[Start of section]

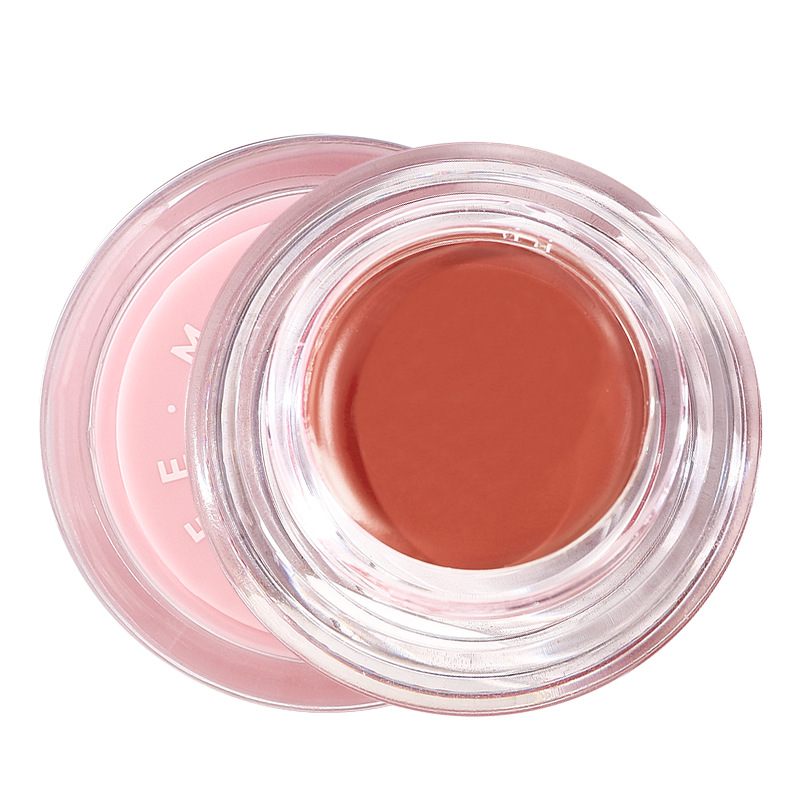 Mingxi Zhi Soft Light Light Tipsy Multi-Purpose Cream Whitening Low Saturation Swelling Color Lip Mud Lipstick Eyeshadow Blush Cream Women Cross-border Item Picture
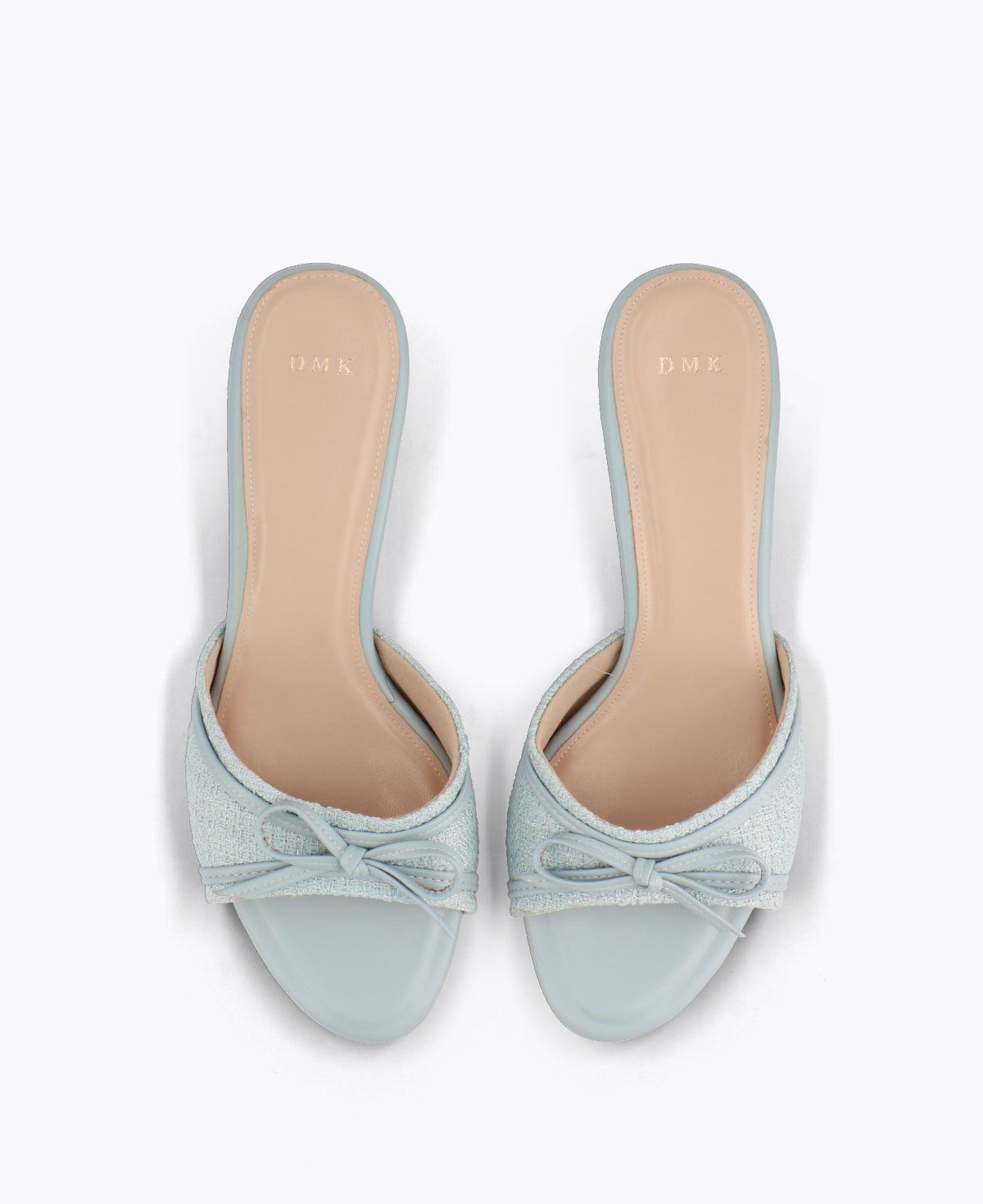 Riley Heel Sandals - Blue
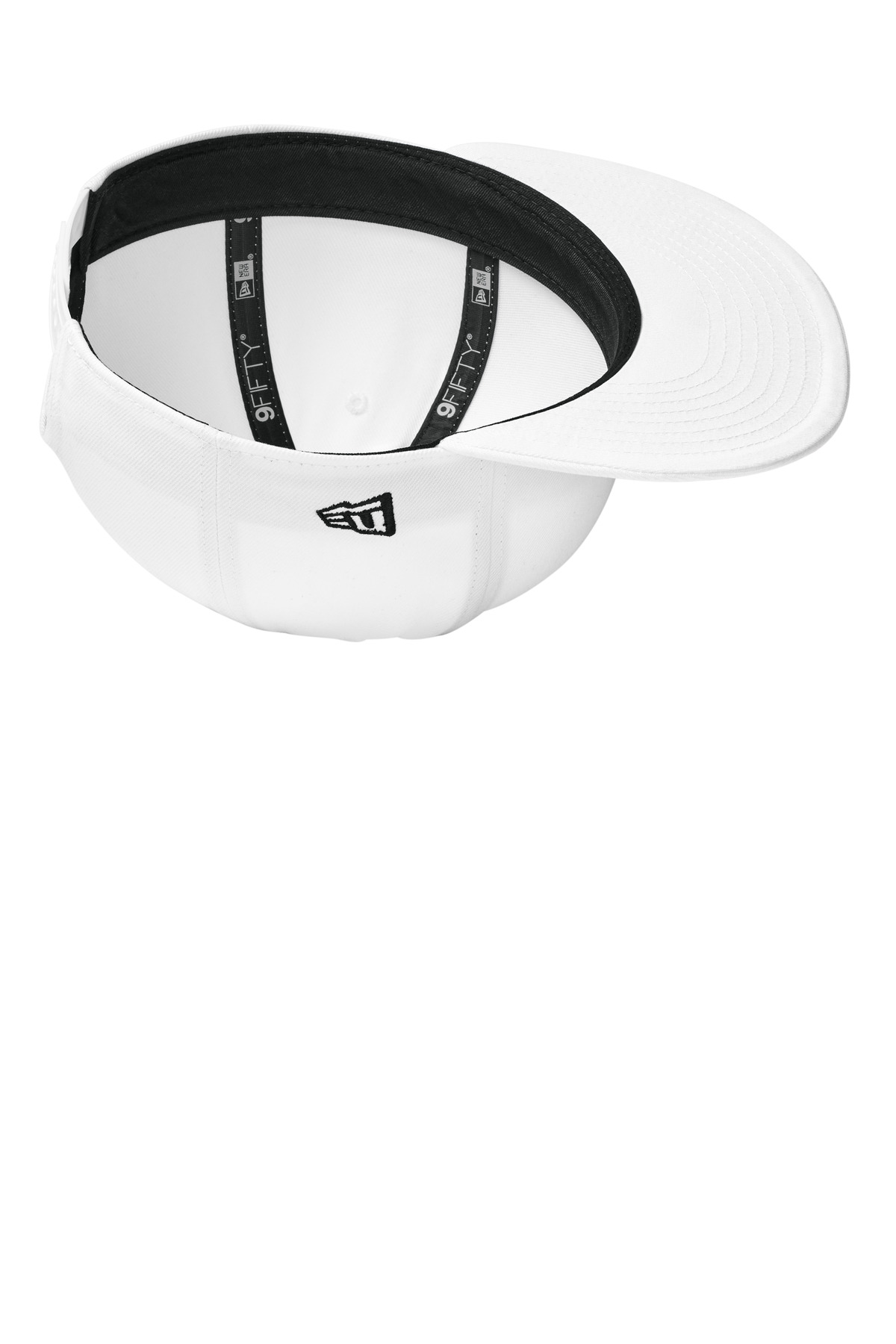 New Era Standard Fit Flat Bill Snapback Cap NE4020 6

[End of section]

> **Problem description**
In the answer, all of the material should appear exactly as given, with no picture carried over.

> **Output of the exercise**
 Mingxi Zhi Soft Light Light Tipsy Multi-Purpose Cream Whitening Low Saturation Swelling Color Lip Mud Lipstick Eyeshadow Blush Cream Women Cross-border Item Picture
 Riley Heel Sandals - Blue
 New Era Standard Fit Flat Bill Snapback Cap NE4020 6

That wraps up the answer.